Podría llamar a Fanis para preguntarle el nombre de pila de Tsolakis, pero está de vacaciones y no quiero molestarle, tal vez sin motivo.

Finalmente, llamo a Guikas.

– He de pedirle un favor -le digo.

– No puedo jubilarte antes de lo que estipula la ley -responde él secamente.

– No, no, me refiero a otra cosa. Quiero que llame a Leonidis, el abogado de Okamba, y le diga que pasado mañana traiga a su cliente para ser interrogado. Si le pregunta por qué, tranquilícele, dígale que no se trata del caso por el que le acusamos, sino porque necesitamos cierta información.

– ¿Hay novedades? -Está ansioso.

– Para empezar, puede decirle al jefe que tenía razón cuando el otro día me instó a investigar más los cincuenta mil euros de Okamba.
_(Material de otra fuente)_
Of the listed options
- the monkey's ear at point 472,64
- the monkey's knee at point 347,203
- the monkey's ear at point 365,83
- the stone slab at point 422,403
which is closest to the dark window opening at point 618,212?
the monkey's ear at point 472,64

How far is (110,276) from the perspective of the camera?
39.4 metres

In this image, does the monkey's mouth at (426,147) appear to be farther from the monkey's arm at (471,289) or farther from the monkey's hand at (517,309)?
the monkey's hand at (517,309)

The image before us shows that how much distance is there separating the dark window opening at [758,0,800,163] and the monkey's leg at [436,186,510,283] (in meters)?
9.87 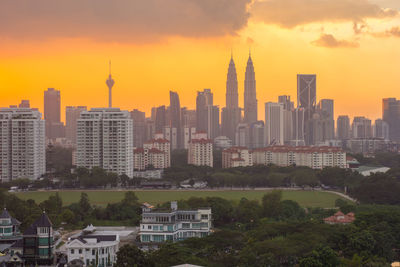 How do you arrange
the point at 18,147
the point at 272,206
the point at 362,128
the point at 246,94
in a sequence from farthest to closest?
the point at 246,94, the point at 362,128, the point at 18,147, the point at 272,206

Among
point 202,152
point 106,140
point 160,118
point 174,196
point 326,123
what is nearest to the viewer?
point 174,196

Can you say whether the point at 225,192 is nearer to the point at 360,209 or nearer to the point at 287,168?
the point at 287,168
El resultado fue que descubrí una transferencia similar a nombre de Varulkos.

– ¿Y eso qué significa?

– Espere a que interrogue a Varulkos y a Okamba para tener más datos. Después le haré un informe completo.
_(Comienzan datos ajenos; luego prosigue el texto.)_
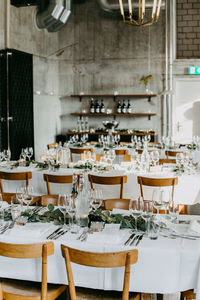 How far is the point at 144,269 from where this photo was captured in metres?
2.48

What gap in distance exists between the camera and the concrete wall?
11.7 meters

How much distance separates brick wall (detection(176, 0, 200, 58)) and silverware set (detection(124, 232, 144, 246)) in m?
10.0

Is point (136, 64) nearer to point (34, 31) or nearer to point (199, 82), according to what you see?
point (199, 82)

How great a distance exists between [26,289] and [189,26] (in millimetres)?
10840

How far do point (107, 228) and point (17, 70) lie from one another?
23.4 ft

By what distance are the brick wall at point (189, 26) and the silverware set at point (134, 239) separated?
1003 cm

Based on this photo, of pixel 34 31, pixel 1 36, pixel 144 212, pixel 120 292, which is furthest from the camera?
pixel 34 31

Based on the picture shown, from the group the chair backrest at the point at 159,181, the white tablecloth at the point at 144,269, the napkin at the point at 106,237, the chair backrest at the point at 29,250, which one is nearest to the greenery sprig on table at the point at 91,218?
the napkin at the point at 106,237

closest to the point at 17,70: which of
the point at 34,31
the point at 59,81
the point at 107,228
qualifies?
the point at 34,31

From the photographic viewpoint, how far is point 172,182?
15.5ft

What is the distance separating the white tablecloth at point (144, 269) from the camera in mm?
2455

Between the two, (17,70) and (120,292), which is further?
(17,70)

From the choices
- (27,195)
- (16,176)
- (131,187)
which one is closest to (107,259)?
(27,195)

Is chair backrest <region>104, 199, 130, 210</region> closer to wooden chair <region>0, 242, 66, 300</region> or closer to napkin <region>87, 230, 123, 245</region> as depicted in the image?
napkin <region>87, 230, 123, 245</region>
– Te estás vengando porque no puedo adelantarte la jubilación, ¿verdad? -me espeta y cuelga el teléfono.

42

Stéfanos Varulkos está sentado frente a mí en la sala de interrogatorios, en el mismo lugar que Eftijía Sguridu aunque no en la misma postura. Tiene los codos apoyados en la mesa, las manos enlazadas, y nos mira alternativamente a mí y a Mavromatis, que vuelve a estar a mi lado. Han tardado una hora escasa en traérmelo desde Koropí, pese a que al principio opuso resistencia. Se han visto obligados a amenazarle con ponerle las esposas para que el antiguo constructor se aviniera a subir al coche.

No obstante, se le ve tranquilo. No parece preocupado, y se diría que su presencia aquí no le supone más que un pequeño inconveniente. Quizá le tranquilice saber que ya registramos su casa, con su consentimiento, y no encontramos nada sospechoso. O quizás haya pasado tantos malos tragos en la vida que ya nada le asusta.

– Señor Varulkos, hace aproximadamente un mes recibió cinco transferencias de diez mil euros desde un banco con sede en las Islas Caimán.

– Así es. ¿Se ha molestado en traerme aquí sólo para que se lo confirme?

– ¿Puede decirnos quién ordenó las transferencias?

– No tengo la menor idea. -La respuesta es inmediata y suena totalmente sincera.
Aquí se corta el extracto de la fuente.